Texas senators, who acted as jurors in Paxton’s trial, voted Saturday to acquit the attorney general in 16 articles of impeachment that accused him of abuse of office and bribery.
Sununu’s remarks during a conversation with Tribune co-founder Evan Smith arrived near the end of him laying out his vision for a future in which the Republican Party moves away from Trump. But despite his criticism, he played down concerns about the former president, at one point saying Trump was “too dumb to be a danger” for democracy.
Still, he said he wanted a Republican to replace Biden in next year’s election. In order to get a Republican in the White House, he said candidates running for the party’s nomination should consider dropping out of the race if they don’t qualify for debates — and that donors should cut off their support from underperforming candidates to help narrow the field to the best challengers.
Sununu said he ruled out running for president because it would have been hard on his family.
The vision of the Republican Party he described stood in stark contrast to the GOP’s reality in Texas, where state leaders have constantly focused on social issues that Sununu said are best dealt with at the local level.
“Look, low taxes, limited government, local control … the government isn’t here to solve your problems — it’s not,” Sununu said to a few cheers. “I don’t know what your needs are, I don’t know what your business needs are, I don’t know what your kids’ needs are in education. So my job is to open as many doors of opportunity for you, your family, your business.”
“You decide what door is best for you, not me,” he added.
Sununu also said abortion was up to states, which drew boos from the audience.
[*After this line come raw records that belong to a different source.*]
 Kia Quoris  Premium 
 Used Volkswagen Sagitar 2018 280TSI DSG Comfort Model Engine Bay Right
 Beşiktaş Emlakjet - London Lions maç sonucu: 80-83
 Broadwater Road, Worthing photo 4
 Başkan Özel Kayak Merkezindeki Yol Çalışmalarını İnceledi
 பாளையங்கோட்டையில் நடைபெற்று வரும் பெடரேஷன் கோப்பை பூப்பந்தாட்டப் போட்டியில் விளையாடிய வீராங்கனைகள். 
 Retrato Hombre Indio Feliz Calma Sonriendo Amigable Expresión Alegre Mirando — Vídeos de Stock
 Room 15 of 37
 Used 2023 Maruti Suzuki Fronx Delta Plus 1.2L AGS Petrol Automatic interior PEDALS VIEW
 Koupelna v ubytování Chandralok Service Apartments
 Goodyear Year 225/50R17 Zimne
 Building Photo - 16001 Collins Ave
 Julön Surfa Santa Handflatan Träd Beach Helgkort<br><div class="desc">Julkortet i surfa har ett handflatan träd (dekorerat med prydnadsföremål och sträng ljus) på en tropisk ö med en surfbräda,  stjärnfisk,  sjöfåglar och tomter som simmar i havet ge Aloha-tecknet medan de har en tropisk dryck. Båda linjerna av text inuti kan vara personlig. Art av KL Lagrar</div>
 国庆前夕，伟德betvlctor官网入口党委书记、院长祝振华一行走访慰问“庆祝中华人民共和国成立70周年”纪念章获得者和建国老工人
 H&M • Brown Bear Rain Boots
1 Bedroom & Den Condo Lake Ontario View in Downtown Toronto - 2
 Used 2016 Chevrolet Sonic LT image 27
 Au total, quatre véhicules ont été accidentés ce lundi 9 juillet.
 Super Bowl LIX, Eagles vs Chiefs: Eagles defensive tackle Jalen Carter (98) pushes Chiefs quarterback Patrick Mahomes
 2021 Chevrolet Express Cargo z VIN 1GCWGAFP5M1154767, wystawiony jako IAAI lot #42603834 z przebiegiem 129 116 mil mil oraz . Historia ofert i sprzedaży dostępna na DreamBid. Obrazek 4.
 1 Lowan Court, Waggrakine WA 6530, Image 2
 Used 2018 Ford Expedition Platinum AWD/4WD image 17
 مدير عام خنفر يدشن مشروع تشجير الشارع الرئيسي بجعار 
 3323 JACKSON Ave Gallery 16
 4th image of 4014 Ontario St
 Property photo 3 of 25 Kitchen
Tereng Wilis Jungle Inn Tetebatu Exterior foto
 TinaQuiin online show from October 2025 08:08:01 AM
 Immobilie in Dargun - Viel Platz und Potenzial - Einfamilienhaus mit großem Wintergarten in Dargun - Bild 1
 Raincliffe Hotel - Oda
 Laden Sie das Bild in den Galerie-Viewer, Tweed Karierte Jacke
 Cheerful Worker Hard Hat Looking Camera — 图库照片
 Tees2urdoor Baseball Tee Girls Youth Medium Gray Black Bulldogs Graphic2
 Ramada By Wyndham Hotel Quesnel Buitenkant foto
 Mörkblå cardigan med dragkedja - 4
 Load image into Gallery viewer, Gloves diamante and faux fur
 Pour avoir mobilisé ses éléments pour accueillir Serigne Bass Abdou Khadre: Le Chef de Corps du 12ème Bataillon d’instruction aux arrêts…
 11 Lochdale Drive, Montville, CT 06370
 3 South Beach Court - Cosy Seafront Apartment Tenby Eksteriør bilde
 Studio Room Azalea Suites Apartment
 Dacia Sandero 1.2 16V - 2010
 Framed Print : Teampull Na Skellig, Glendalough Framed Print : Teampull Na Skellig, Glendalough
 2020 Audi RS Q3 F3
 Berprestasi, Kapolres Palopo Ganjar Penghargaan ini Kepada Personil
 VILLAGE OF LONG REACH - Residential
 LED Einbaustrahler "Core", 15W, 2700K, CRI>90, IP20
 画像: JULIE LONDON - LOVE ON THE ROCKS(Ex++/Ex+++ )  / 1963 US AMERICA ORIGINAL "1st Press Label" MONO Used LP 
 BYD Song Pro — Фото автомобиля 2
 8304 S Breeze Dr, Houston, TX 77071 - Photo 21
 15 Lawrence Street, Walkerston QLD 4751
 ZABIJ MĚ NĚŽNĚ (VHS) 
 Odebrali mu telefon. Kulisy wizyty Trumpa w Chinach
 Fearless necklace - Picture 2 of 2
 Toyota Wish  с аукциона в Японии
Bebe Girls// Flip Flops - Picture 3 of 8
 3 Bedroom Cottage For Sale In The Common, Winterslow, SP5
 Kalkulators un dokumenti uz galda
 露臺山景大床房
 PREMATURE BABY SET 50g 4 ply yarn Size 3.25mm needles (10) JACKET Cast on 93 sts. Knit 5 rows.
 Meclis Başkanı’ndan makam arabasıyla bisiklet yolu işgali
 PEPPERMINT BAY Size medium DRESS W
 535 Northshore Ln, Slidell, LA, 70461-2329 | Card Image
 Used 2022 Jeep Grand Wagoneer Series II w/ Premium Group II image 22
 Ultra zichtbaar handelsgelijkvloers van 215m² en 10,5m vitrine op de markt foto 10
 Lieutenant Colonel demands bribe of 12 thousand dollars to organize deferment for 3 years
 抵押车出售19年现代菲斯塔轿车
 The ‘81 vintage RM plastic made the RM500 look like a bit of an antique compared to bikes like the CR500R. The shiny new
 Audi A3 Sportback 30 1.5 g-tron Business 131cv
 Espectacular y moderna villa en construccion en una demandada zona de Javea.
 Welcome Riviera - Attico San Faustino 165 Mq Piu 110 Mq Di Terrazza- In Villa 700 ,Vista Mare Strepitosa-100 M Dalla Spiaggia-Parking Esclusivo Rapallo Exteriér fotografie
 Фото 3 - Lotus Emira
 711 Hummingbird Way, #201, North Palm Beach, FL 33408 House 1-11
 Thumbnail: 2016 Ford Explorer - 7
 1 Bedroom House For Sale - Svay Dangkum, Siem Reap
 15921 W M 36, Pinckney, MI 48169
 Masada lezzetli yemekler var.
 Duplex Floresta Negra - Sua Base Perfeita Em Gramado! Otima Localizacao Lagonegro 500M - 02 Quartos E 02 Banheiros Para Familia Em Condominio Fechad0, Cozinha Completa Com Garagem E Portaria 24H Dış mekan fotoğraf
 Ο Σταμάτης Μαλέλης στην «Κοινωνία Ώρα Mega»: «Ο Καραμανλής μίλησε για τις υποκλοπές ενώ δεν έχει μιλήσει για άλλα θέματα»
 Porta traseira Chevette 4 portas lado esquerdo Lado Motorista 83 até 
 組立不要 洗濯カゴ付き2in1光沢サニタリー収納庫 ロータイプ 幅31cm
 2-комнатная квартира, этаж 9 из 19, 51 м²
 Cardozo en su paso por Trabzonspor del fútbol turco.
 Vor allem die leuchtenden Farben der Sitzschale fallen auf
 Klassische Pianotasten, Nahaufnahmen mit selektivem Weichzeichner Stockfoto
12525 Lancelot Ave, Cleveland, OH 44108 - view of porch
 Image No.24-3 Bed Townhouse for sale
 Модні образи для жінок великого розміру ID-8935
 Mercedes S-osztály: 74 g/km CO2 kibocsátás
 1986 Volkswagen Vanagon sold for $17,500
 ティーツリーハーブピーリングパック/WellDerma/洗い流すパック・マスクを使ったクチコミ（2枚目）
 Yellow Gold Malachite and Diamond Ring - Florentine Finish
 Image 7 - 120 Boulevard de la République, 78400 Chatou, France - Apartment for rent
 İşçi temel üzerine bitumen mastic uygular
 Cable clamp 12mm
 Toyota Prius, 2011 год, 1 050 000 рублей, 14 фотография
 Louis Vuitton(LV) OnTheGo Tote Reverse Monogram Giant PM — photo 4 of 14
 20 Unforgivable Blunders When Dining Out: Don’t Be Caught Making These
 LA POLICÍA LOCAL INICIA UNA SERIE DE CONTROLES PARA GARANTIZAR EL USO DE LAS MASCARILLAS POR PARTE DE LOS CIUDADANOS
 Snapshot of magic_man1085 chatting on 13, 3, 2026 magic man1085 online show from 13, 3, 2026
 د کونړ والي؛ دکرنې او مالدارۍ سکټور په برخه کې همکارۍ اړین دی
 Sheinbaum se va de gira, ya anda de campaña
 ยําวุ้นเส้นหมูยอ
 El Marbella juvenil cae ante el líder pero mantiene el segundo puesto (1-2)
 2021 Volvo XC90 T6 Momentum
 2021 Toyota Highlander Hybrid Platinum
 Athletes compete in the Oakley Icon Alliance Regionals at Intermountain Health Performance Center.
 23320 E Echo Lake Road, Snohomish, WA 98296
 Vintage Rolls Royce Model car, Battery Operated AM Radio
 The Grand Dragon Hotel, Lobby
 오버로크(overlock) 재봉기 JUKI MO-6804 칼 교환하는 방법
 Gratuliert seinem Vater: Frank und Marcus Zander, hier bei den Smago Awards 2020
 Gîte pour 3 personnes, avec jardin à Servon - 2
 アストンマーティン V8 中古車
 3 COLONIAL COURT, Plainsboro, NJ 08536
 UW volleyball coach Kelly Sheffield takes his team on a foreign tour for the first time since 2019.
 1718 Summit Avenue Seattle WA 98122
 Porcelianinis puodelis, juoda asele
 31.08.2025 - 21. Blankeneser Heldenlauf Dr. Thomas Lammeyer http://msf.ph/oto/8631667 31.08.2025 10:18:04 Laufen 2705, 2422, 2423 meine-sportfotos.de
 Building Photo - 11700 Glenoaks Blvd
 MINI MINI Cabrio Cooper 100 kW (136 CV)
He criticized Biden for the state of the economy, calling inflation “the worst tax on the poor” and pointing to soaring credit card debt.
During other moments, he cast a sense of hope and optimism.
“We have an amazing system here in this country,” he said. “I might not like the policies of the left, you might not like the policies of the right, but that doesn’t mean that our whole foundations and our system are going to crumble, because at the end of the day the most important part still stands: You have the vote, you have the say.”